Many of these recent cases have been in the Fourth Circuit, which includes the states of Maryland, North Carolina, and Virginia. In a recent case, United States v. Continental Casualty, the prime contractor argued that allowing the subcontractor to proceed could lead to inconsistent decisions because the prime’s litigation against the government could be unsuccessful whereas the subcontractor’s claim could be successful. The District Court of Maryland rejected this argument, holding that “a stay would be inconsistent with the plain text and congressional purpose of the Miller Act.”
More recently, in Kitchens to Go v. John C. Grimberg Co., the Eastern District of Virginia echoed the reasoning of the Tusco and Continental Casualty decisions. In that case, the court held that the Miller Act precluded the surety from relying on the dispute resolution in the subcontract to stay the subcontractor’s Miller Act lawsuit against the surety. The court reasoned that the surety’s invocation of the disputes clause operated as an impermissible waiver of the subcontractor’s Miller Act rights. Notably, the court also held that the surety could not rely on the no‑damages-for-delay clause in the subcontract to preclude the subcontractor’s delay claim against the surety.

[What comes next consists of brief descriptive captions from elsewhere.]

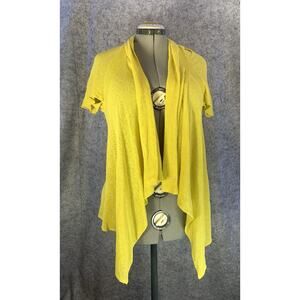 Anthropologie Urban Outfitters Yellow Linen Blend Long Peplum Open Cardigan XS/S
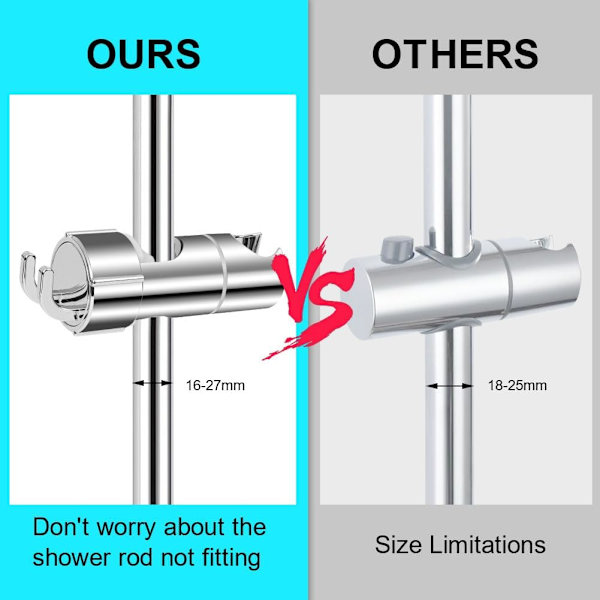 Hånddusjholder for 16-27 mm glidebane, justerbar erstatningsdusjholder, 360° rotasjon, med 2 kroker
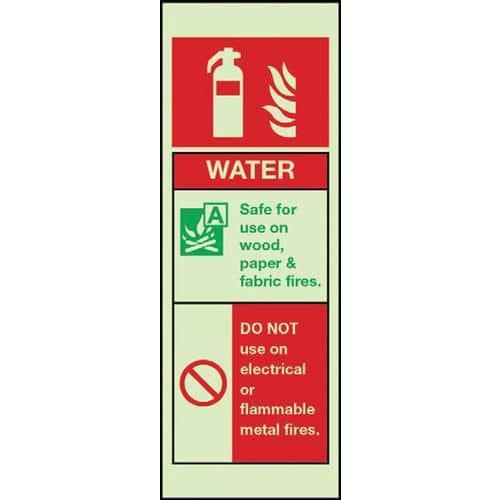 Water Photoluminescent Fire Extinguisher Sign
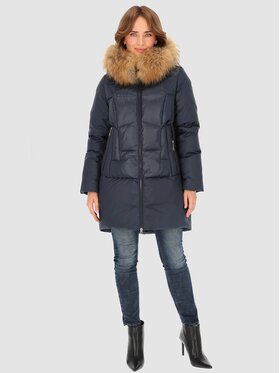 Perso Perso Kurtka zimowa z naturalnym futrem Granatowy Slim Fit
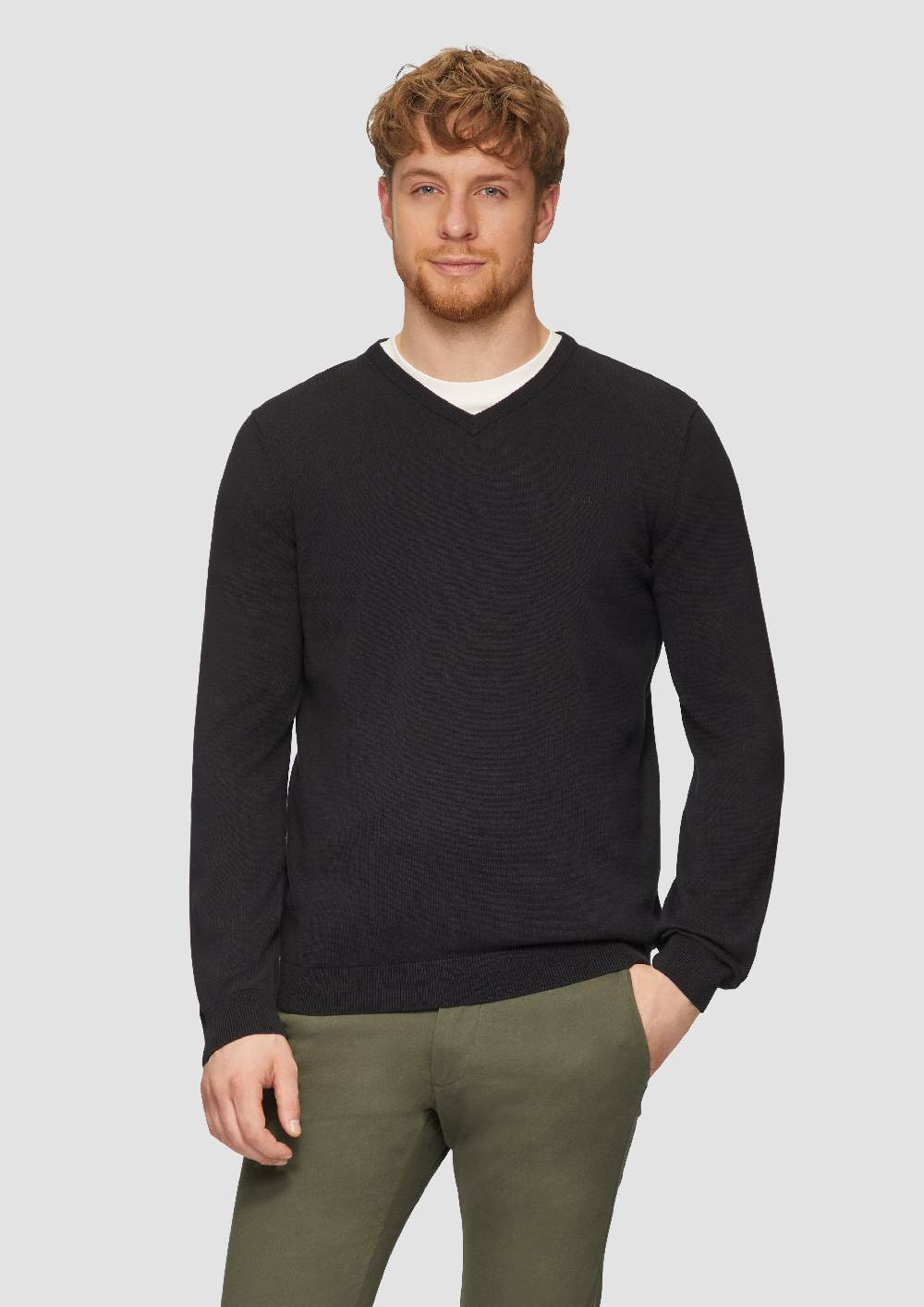 S.Oliver Strickpullover Mit Logo-Stickerei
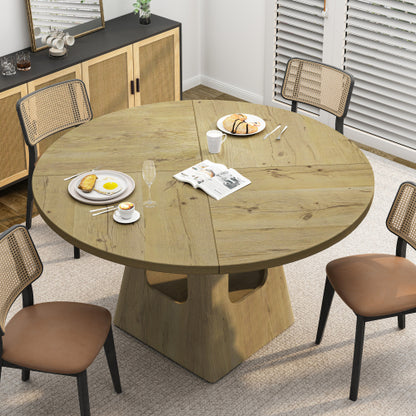 Round Dining Table with Storage Base, Natural Finish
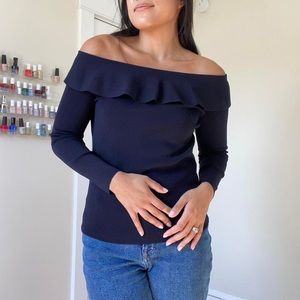 COS Navy Ruffle Long Sleeve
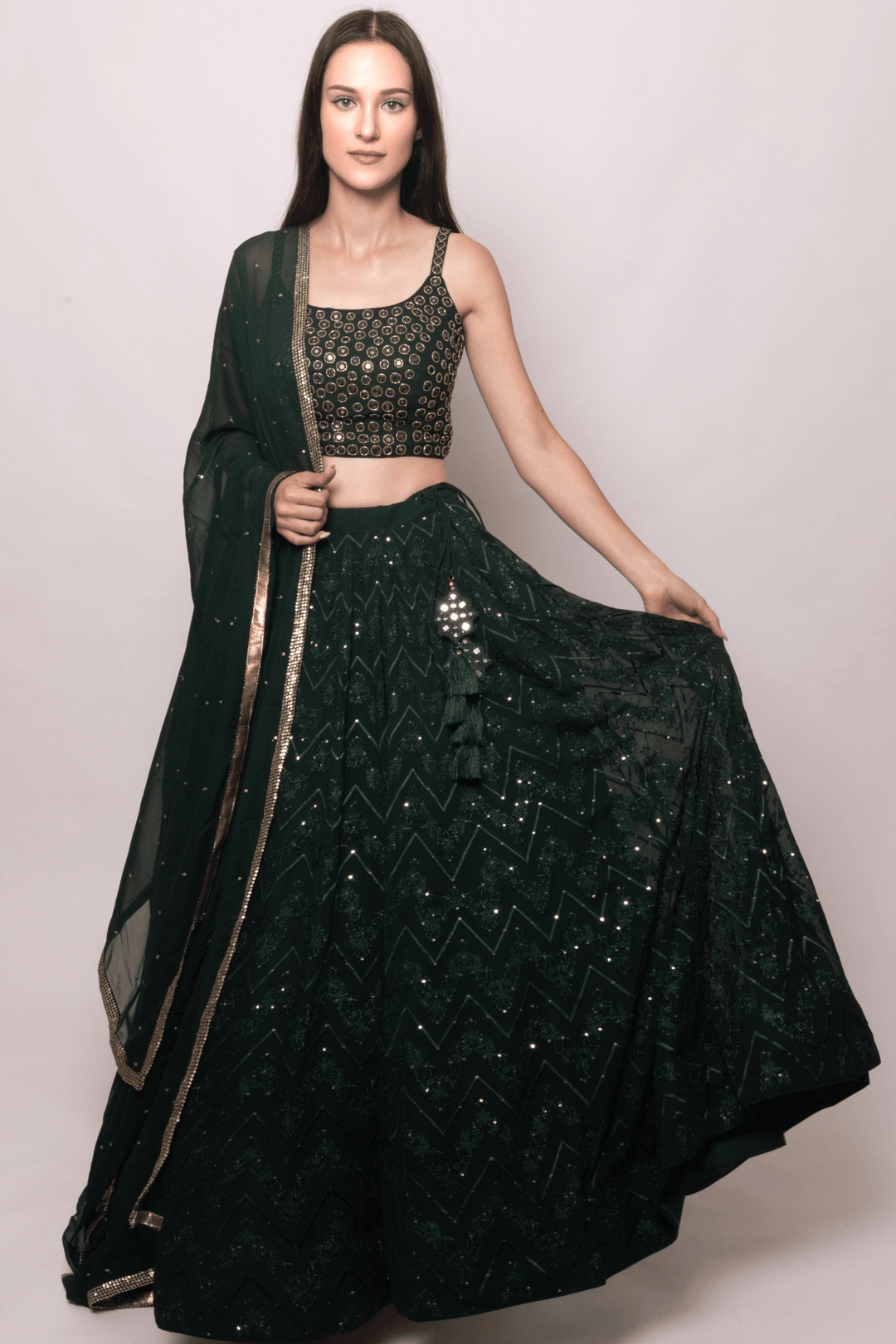 Green Georgette Lehenga Choli with Heavy Hand Embroidered blouse-[comfort-first-design]-[lightweight]-Raas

The Miller Act is designed to protect subcontractors and suppliers by ensuring that they can obtain timely payment for claims they present to a surety. While courts are increasingly recognizing the importance of allowing timely enforcement of such claims through the court system, a number of time-sensitive requirements in the Miller Act make doing so difficult. Moreover, there is no way to know whether courts will continue on this trend or eventually limit how far they will go to strike contract language in favor of public policy. Accordingly, subcontractors on federal projects should obtain experienced counsel to advise them on presenting any Miller Act claim as soon as they become aware of any payment issues.